Your task: Every line from the first record below down to the line that includes "PHI VILLA 5" must be reproduced exactly; the pictures are not.

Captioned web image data
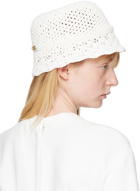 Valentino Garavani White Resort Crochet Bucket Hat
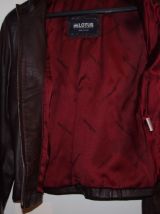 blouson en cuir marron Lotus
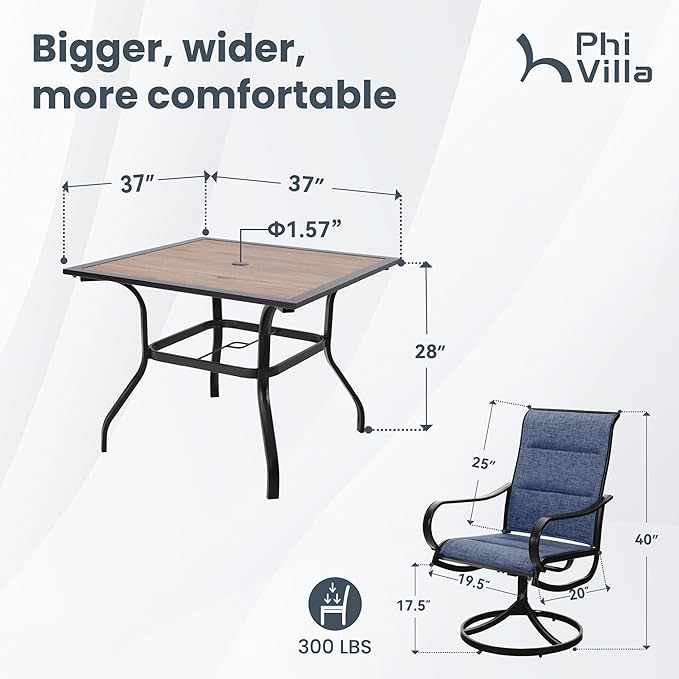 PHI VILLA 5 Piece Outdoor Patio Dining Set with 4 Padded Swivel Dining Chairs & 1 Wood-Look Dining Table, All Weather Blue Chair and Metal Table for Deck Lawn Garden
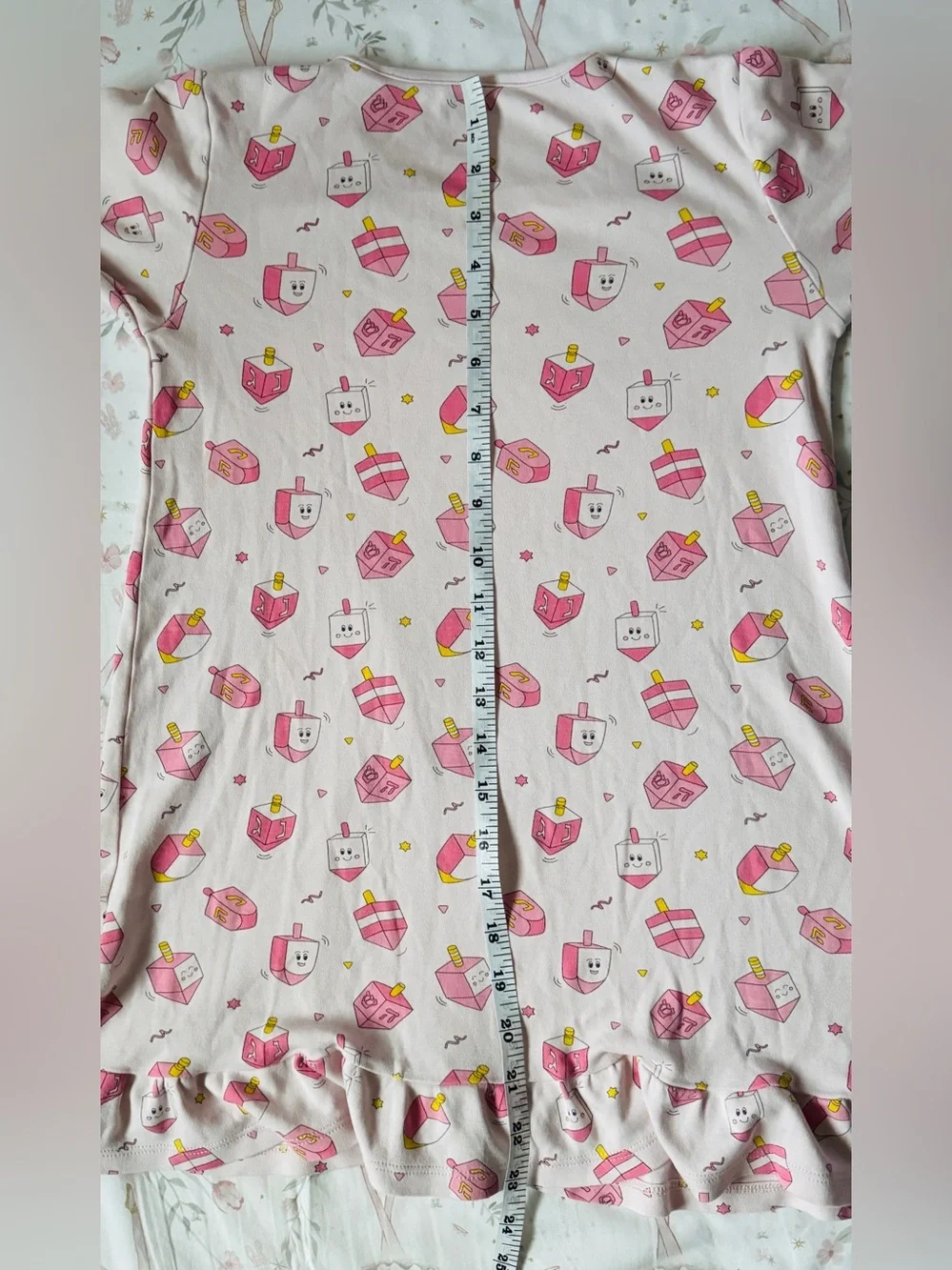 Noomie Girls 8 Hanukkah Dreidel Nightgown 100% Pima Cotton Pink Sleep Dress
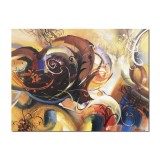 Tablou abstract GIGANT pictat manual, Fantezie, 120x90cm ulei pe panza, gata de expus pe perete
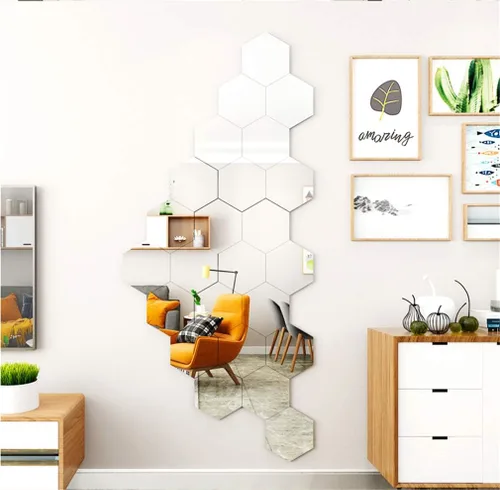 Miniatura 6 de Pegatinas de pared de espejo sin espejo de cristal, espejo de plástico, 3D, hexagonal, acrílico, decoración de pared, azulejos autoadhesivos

Answer for the task:
 Valentino Garavani White Resort Crochet Bucket Hat
 blouson en cuir marron Lotus
 PHI VILLA 5 Piece Outdoor Patio Dining Set with 4 Padded Swivel Dining Chairs & 1 Wood-Look Dining Table, All Weather Blue Chair and Metal Table for Deck Lawn Garden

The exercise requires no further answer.